The negatives of a foot cast are pretty obvious, as are the positives. At work, I got out of our annual faculty retreat. At home, my husband is now in charge of food, cleaning, and transportation.
Most importantly, being incapacitated has shed light on my real role in the household, which can be best described as “well-dressed house elf.” For those of you familiar with Harry Potter, I’m more like the hostile slave Kreacher than the sycophantic Dobby.
Here are some recent comments from my children:
“You are a Bad Mommy because you fell down the stairs”
“Your broken foot is terrible. Now no one gets my things for me!”

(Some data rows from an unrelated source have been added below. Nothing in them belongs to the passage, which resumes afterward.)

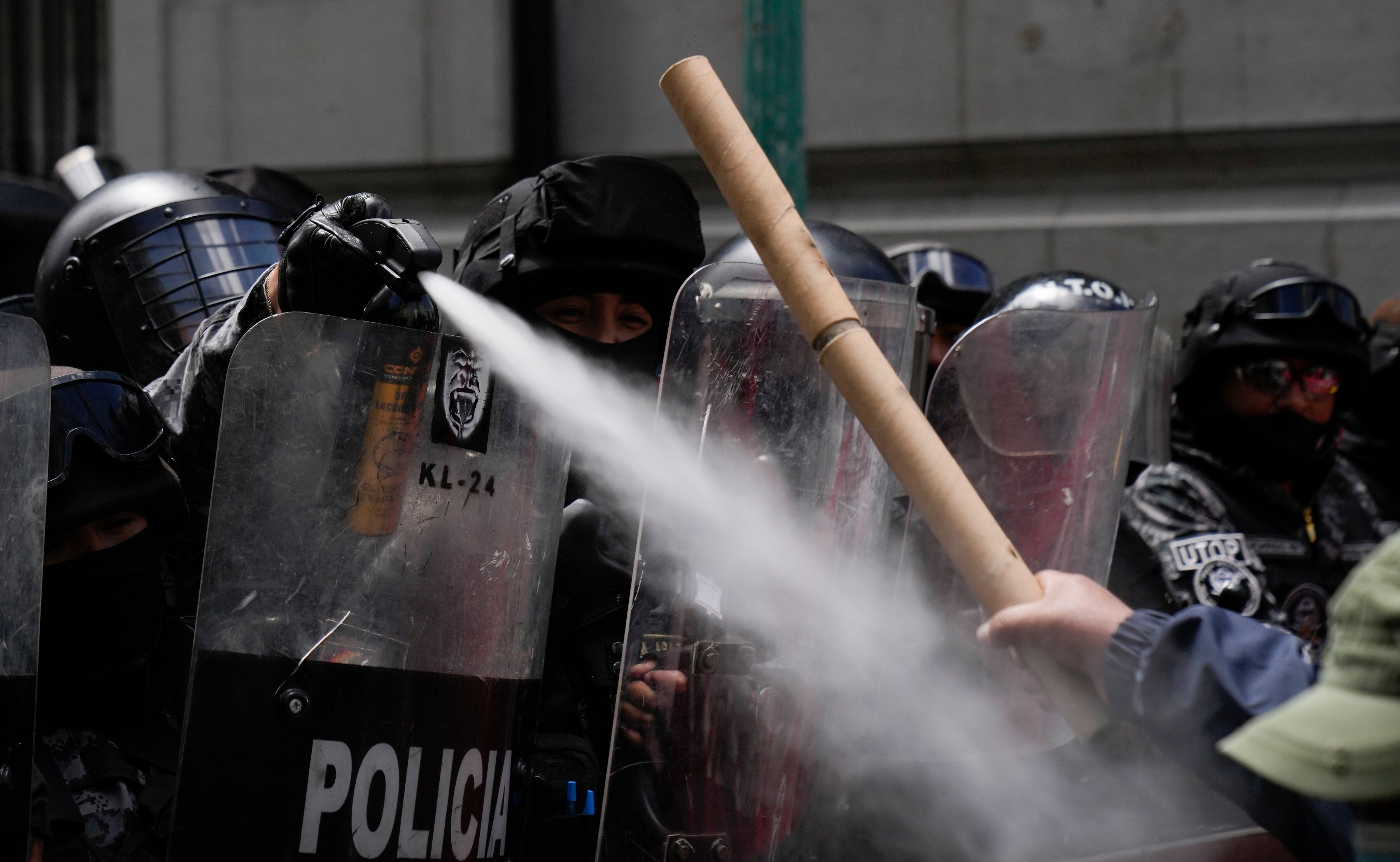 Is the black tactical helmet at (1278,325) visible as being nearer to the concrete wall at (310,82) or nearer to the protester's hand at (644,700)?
the protester's hand at (644,700)

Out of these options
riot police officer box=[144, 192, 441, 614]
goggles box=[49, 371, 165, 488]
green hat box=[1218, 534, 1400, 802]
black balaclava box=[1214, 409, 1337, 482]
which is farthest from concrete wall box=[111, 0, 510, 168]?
green hat box=[1218, 534, 1400, 802]

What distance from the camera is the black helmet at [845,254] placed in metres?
2.97

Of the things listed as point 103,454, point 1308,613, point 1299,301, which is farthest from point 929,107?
point 103,454

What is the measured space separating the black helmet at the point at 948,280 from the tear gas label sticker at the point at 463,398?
119 inches

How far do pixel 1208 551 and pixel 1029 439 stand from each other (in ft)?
5.25

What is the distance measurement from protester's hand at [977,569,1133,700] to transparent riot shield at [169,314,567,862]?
0.77 metres

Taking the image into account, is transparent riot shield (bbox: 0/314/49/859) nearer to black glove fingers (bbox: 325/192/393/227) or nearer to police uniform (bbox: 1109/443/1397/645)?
black glove fingers (bbox: 325/192/393/227)

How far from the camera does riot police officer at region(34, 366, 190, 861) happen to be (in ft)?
6.94

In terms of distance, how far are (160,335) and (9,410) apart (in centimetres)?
140

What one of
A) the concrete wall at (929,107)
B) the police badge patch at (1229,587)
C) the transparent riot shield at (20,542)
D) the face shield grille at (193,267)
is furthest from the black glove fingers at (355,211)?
the concrete wall at (929,107)

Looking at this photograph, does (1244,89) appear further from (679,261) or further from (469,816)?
(469,816)

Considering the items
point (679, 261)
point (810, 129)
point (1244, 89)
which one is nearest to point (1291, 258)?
point (1244, 89)

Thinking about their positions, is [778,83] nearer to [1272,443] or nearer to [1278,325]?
[1278,325]

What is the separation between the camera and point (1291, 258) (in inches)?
253
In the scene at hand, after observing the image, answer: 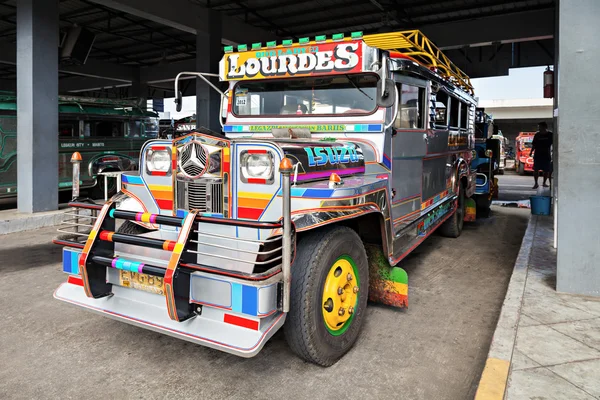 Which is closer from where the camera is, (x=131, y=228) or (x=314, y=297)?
(x=314, y=297)

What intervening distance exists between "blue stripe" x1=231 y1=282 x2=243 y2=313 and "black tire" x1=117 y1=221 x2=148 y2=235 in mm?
1523

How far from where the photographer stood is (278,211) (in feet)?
10.3

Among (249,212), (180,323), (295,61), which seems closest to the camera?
(180,323)

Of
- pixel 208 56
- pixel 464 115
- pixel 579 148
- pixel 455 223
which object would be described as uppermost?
pixel 208 56

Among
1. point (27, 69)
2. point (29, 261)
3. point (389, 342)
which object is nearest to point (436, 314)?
point (389, 342)

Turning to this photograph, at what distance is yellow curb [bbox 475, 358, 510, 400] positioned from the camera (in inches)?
98.1

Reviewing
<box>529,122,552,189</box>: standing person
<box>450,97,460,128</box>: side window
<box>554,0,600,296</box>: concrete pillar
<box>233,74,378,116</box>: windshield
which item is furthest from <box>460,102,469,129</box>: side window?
<box>529,122,552,189</box>: standing person

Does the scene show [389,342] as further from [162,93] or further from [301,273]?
[162,93]

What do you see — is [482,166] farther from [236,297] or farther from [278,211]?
[236,297]

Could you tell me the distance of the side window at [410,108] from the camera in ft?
14.3

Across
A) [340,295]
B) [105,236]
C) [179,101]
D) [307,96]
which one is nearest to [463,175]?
[307,96]

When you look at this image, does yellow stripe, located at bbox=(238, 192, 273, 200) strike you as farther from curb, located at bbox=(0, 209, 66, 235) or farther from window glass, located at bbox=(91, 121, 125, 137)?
window glass, located at bbox=(91, 121, 125, 137)

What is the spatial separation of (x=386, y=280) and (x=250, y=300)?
1.71m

My children have been very sweet and helpful, but sometimes they cannot contain their frustration. They are unnerved that I am lying on the couch instead of scuttling madly from one room to the next, doing my normal retrieving, depositing, exchanging, and adjusting of books, sports equipment, art projects, stray coins, furniture, toys, homework, etc., etc., etc. This morning one of them began to ask for something, then suddenly stopped, realizing the futility of the situation. Then—and this is the amazing thing—this child independently located the object of desire: sidewalk chalk.
Here’s the best thing about having a broken foot: it is a character building experience for my children. As for me, it’s a wake-up call that my dumbest move wasn’t falling down the stairs; it was not taking this tumble years ago.